▶ WHAT THE TASK REQUIRES: Transcribe the records exactly. Pictures do not belong in the transcription.

== Segment start ==

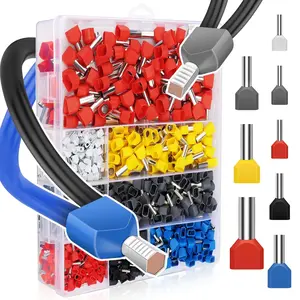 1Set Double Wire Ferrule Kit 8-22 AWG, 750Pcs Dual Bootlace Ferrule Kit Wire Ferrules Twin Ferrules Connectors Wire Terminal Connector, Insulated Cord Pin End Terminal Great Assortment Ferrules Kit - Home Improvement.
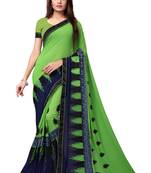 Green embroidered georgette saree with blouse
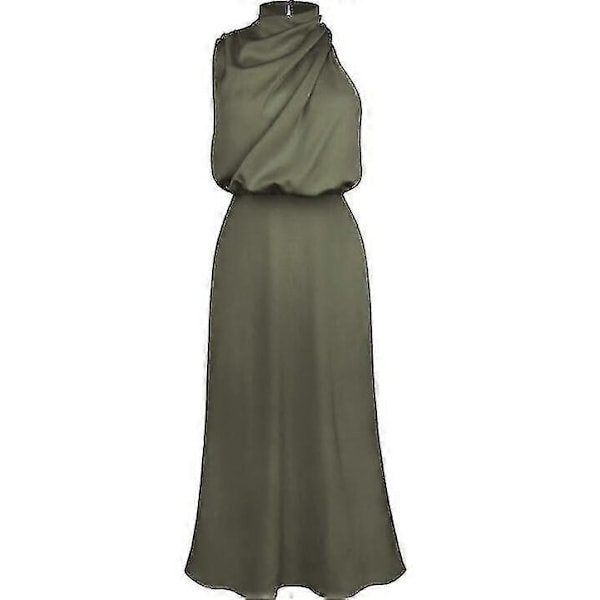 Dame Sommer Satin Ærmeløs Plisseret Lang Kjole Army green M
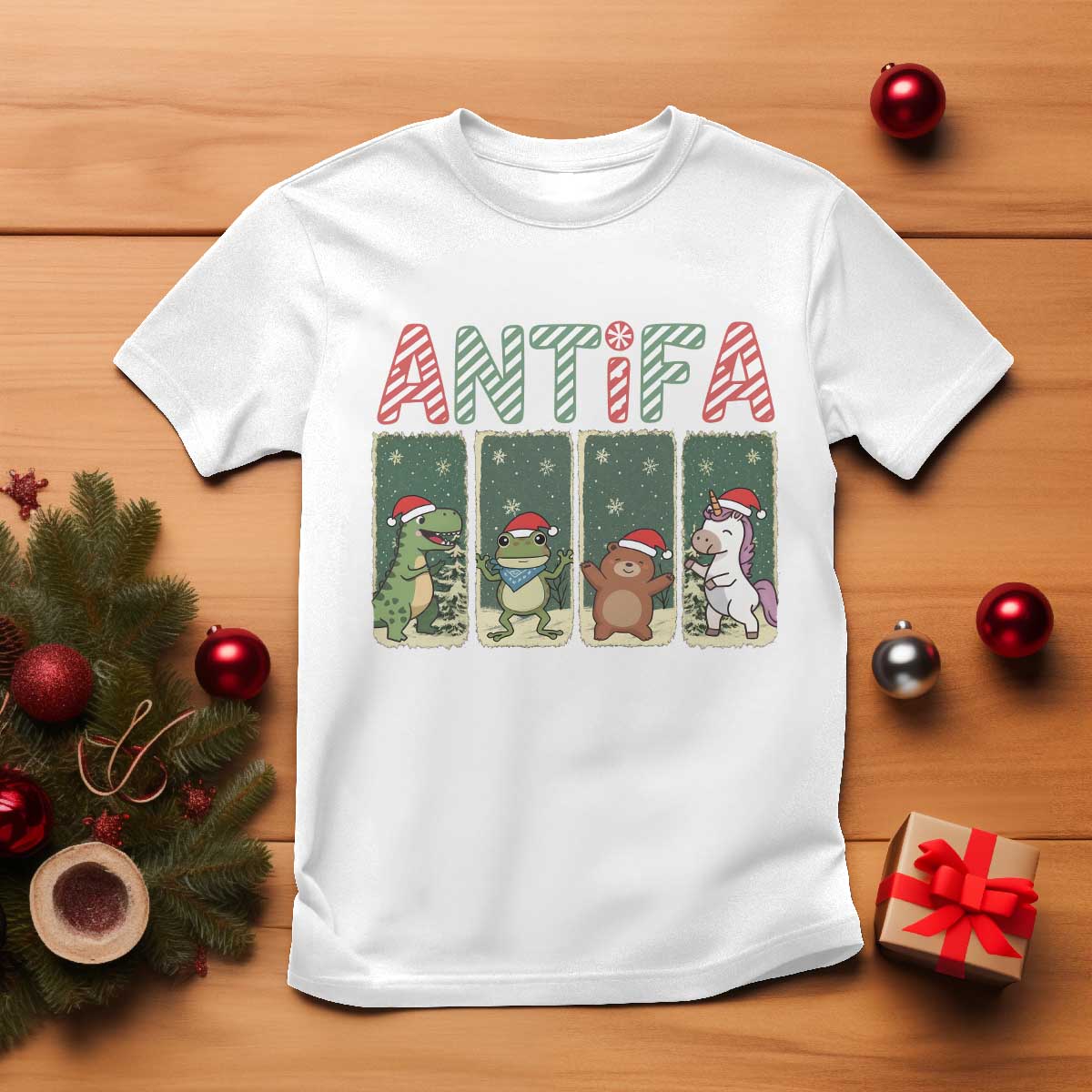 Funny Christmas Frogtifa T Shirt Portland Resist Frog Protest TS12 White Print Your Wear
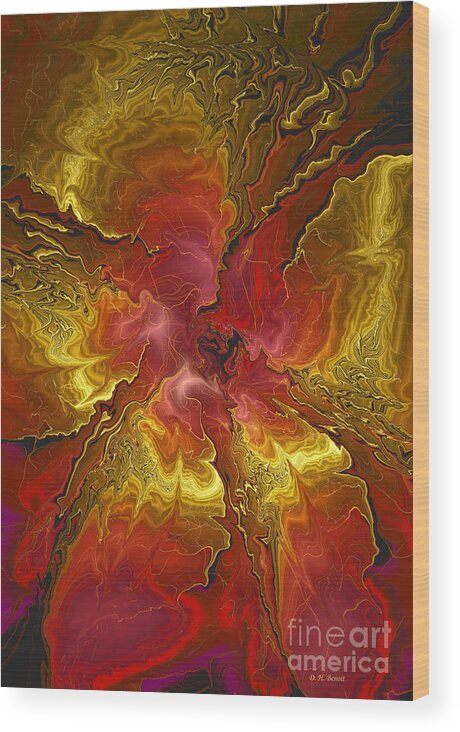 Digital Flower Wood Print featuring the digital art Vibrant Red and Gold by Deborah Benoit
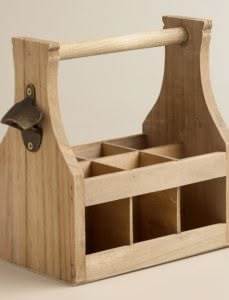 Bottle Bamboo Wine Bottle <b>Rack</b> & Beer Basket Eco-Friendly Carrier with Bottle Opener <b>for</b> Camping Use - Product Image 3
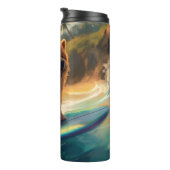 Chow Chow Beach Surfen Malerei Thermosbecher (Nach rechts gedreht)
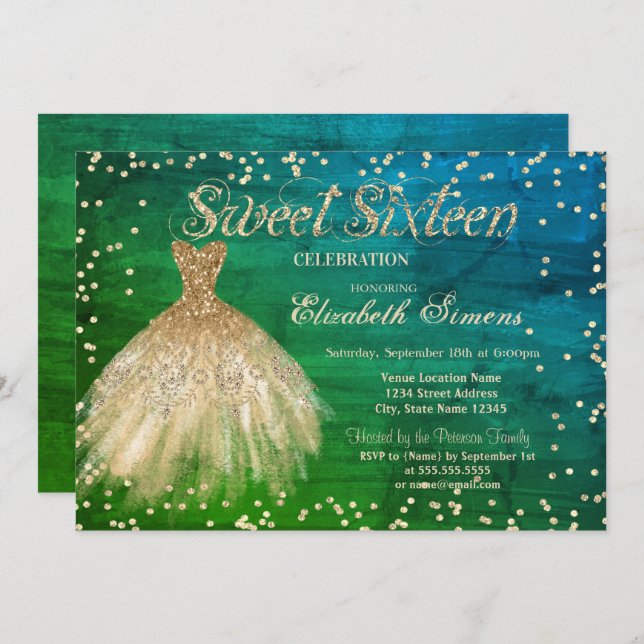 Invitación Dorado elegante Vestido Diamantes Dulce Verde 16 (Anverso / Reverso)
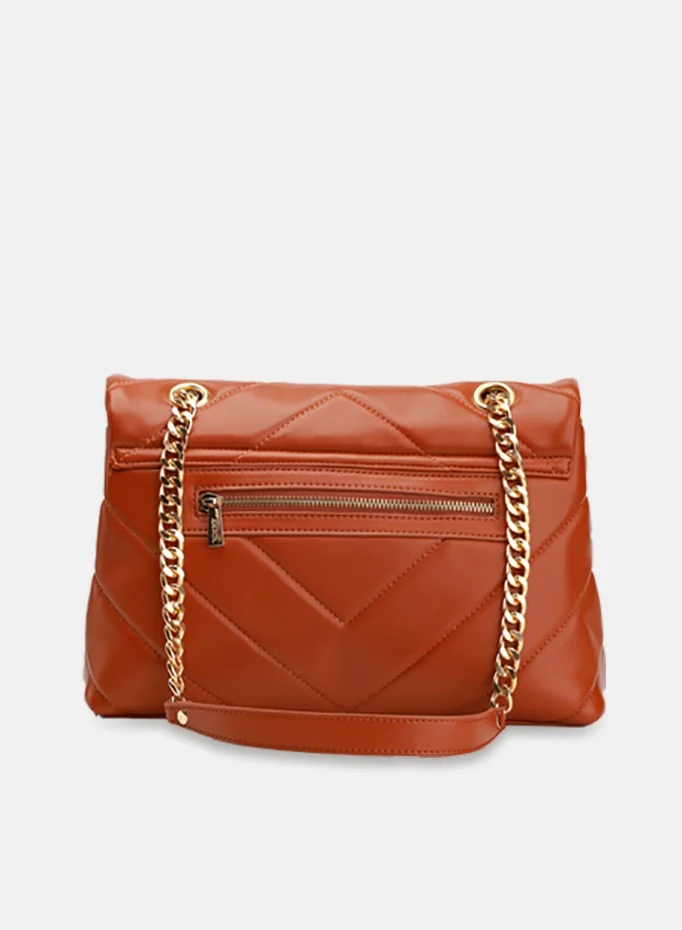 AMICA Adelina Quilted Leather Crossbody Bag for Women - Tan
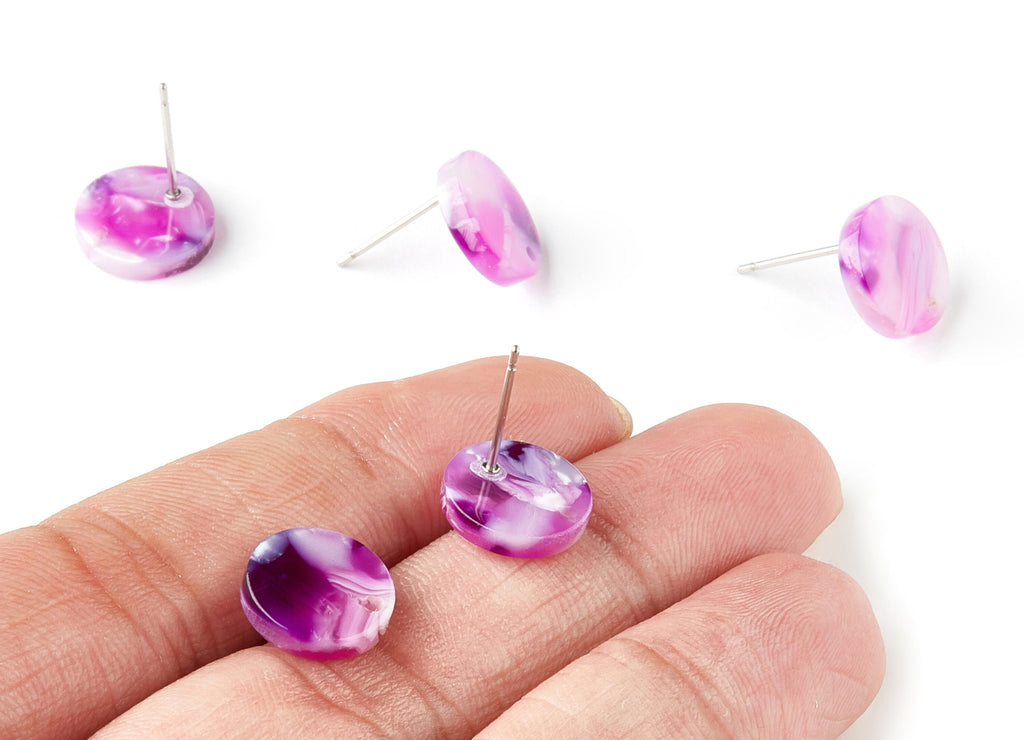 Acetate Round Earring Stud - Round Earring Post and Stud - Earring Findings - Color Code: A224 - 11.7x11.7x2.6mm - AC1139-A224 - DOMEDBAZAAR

== Segment end ==

▶ PROBLEM SOLUTION:
 1Set Double Wire Ferrule Kit 8-22 AWG, 750Pcs Dual Bootlace Ferrule Kit Wire Ferrules Twin Ferrules Connectors Wire Terminal Connector, Insulated Cord Pin End Terminal Great Assortment Ferrules Kit - Home Improvement.
 Green embroidered georgette saree with blouse
 Dame Sommer Satin Ærmeløs Plisseret Lang Kjole Army green M
 Funny Christmas Frogtifa T Shirt Portland Resist Frog Protest TS12 White Print Your Wear
 Digital Flower Wood Print featuring the digital art Vibrant Red and Gold by Deborah Benoit
 Bottle Bamboo Wine Bottle <b>Rack</b> & Beer Basket Eco-Friendly Carrier with Bottle Opener <b>for</b> Camping Use - Product Image 3
 Chow Chow Beach Surfen Malerei Thermosbecher (Nach rechts gedreht)
 Invitación Dorado elegante Vestido Diamantes Dulce Verde 16 (Anverso / Reverso)
 AMICA Adelina Quilted Leather Crossbody Bag for Women - Tan
 Acetate Round Earring Stud - Round Earring Post and Stud - Earring Findings - Color Code: A224 - 11.7x11.7x2.6mm - AC1139-A224 - DOMEDBAZAAR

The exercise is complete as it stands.